# BNB LLC International



## pdefilippis (Mar 13, 2019)

Is this company legit?  They claim that they can working with my timeshare legally get my timeshare transferred to a new owner.  There's NO upfront money and they claim they take 5% of the sale.

Please advise.


----------



## RX8 (Mar 13, 2019)

It’s a common scam. They promise you big bucks to get you hooked and then spring a required fee. If you pay the fee they will request another fee. And then another. It will keep going until you stop sending them money then they will disappear.

I could check Google to see which legit website they stole their website verbiage from, or check to see if there is a legit LLC by that name (and if so they hijacked it), or check the address to see if they really reside there (they won’t be there), or check to see if their “local” prefix phone number is really an internet phone allowing them to call from anywhere (it will be an internet number), or ask if they cold called you (I am sure they did). No, all I really needed to do is verify the date when they first popped up. A domain search of their website reveals they started their scam two months ago as their website was created 1/3/19 (with the registrant in Mexico).

These scammers change their website as often as they change their underwear. They have to because word gets out they are scamming.


----------



## Iggyearl (Mar 13, 2019)

This is a wild guess, but maybe your timeshare is in Mexico???  Please watch the following video - but skip the stupid ad at the front.  The video may cure you of going any further.


----------



## Bill Scott (Apr 7, 2019)

Did you pursue discussion with BNB LLC International ?  I have an inquiry from them as well.


----------



## LannyPC (Apr 7, 2019)

How did you come into contact with them?  What are they promising to do for you and for how much?  What are you hoping to accomplish by using their services?


----------



## Bill Scott (Apr 8, 2019)

LannyPC said:


> How did you come into contact with them?  What are they promising to do for you and for how much?  What are you hoping to accomplish by using their services?
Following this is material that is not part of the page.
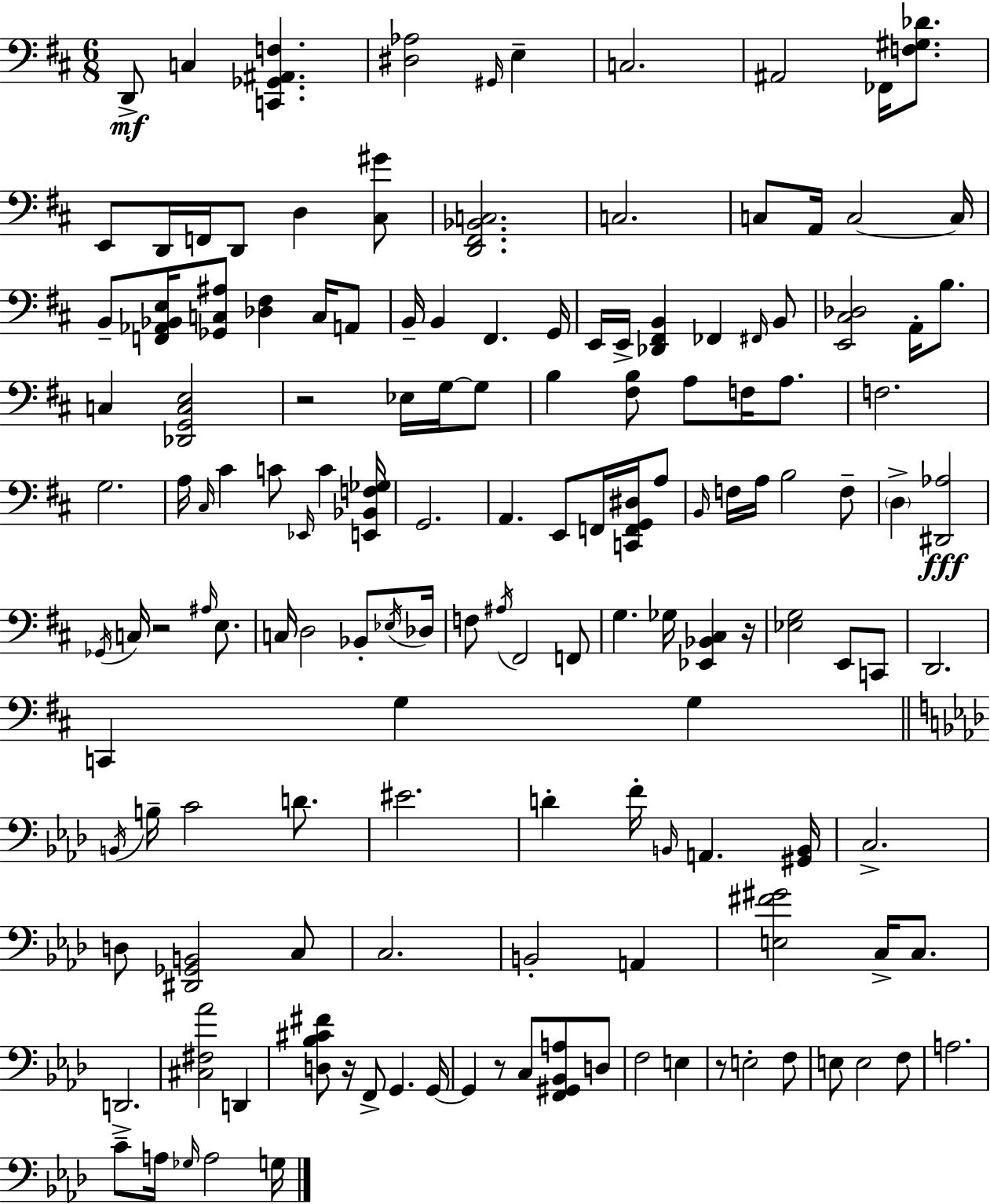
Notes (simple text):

D2/e C3/q [C2,Gb2,A#2,F3]/q. [D#3,Ab3]/h G#2/s E3/q C3/h. A#2/h FES2/s [F3,G#3,Db4]/e. E2/e D2/s F2/s D2/e D3/q [C#3,G#4]/e [D2,F#2,Bb2,C3]/h. C3/h. C3/e A2/s C3/h C3/s B2/e [F2,Ab2,Bb2,E3]/s [Gb2,C3,A#3]/e [Db3,F#3]/q C3/s A2/e B2/s B2/q F#2/q. G2/s E2/s E2/s [Db2,F#2,B2]/q FES2/q F#2/s B2/e [E2,C#3,Db3]/h A2/s B3/e. C3/q [Db2,G2,C3,E3]/h R/h Eb3/s G3/s G3/e B3/q [F#3,B3]/e A3/e F3/s A3/e. F3/h. G3/h. A3/s C#3/s C#4/q C4/e Eb2/s C4/q [E2,Bb2,F3,Gb3]/s G2/h. A2/q. E2/e F2/s [C2,F2,G2,D#3]/s A3/e B2/s F3/s A3/s B3/h F3/e D3/q [D#2,Ab3]/h Gb2/s C3/s R/h A#3/s E3/e. C3/s D3/h Bb2/e Eb3/s Db3/s F3/e A#3/s F#2/h F2/e G3/q. Gb3/s [Eb2,Bb2,C#3]/q R/s [Eb3,G3]/h E2/e C2/e D2/h. C2/q G3/q G3/q B2/s B3/s C4/h D4/e. EIS4/h. D4/q F4/s B2/s A2/q. [G#2,B2]/s C3/h. D3/e [D#2,Gb2,B2]/h C3/e C3/h. B2/h A2/q [E3,F#4,G#4]/h C3/s C3/e. D2/h. [C#3,F#3,Ab4]/h D2/q [D3,Bb3,C#4,F#4]/e R/s F2/e G2/q. G2/s G2/q R/e C3/e [F2,G#2,Bb2,A3]/e D3/e F3/h E3/q R/e E3/h F3/e E3/e E3/h F3/e A3/h. C4/e A3/s Gb3/s A3/h G3/s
They would be purchasing my membership, I would receive $28,050 for my Holiday week 1 bedroom.  They contacted my wife by cold call (email or phone).  They get 5% from the purchaser.  (Sounds fishy).


----------



## amycurl (Apr 8, 2019)

That's because it *is* fishy!! Yeah, there is no way you're getting $28,050 in resale from a week in Mexico. If you no longer want your timeshare, the more legitimate/successful/cost-effective way is to peruse one of these options:
https://tugbbs.com/forums/index.php?threads/how-can-i-give-away-my-timeshare-on-tug.132509/

But, yes, *anyone* that cold calls you is pretty much a scam--see previous posts in this thread for how it works.


----------



## rickandcindy23 (Apr 8, 2019)

Bill Scott said:


> They would be purchasing my membership, I would receive $28,050 for my Holiday week 1 bedroom.  They contacted my wife by cold call (email or phone).  They get 5% from the purchaser.  (Sounds fishy).
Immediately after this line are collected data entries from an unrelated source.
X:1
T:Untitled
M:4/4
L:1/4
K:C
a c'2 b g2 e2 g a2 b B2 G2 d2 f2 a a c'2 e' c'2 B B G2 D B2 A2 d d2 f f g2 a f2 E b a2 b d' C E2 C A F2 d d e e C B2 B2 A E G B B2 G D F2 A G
You know it's a scam with a cold caller.  This is a way to rip you off in some way.  You didn't initiate the contact, they did.  Why would they call, except to scam you.  

So for you to say that they aren't going to make money, well that is just not going to be true.  They could drain your bank account, if you give them the account number.  That is something that almost happened to our son.  He found a buyer for his car, and they said they would send the money, so he gave them his account number.  The credit union called him and said his account was in jeopardy, so the credit union moved his money to a new account.  

Scammers seem to have no conscience whatsoever and continue to steal from the elderly.  You are lucky to find TUG in time.  Fact is, your timeshare is probably not worth anywhere near what they are promising.  People are giving away great timeshares, just to get out from under the maintenance fees.  

Don't make a second mistake by falling for this scam.


----------



## Canadiano (Apr 8, 2019)

I have been contacted by them as well. Just recieved the first email. They are located in an abandoned building according to google. I believe this will be a scam. I asked how they got my information and they said it is in a public database. I will not be sending any money. Only recently have there been people making comments on this "pop up" company.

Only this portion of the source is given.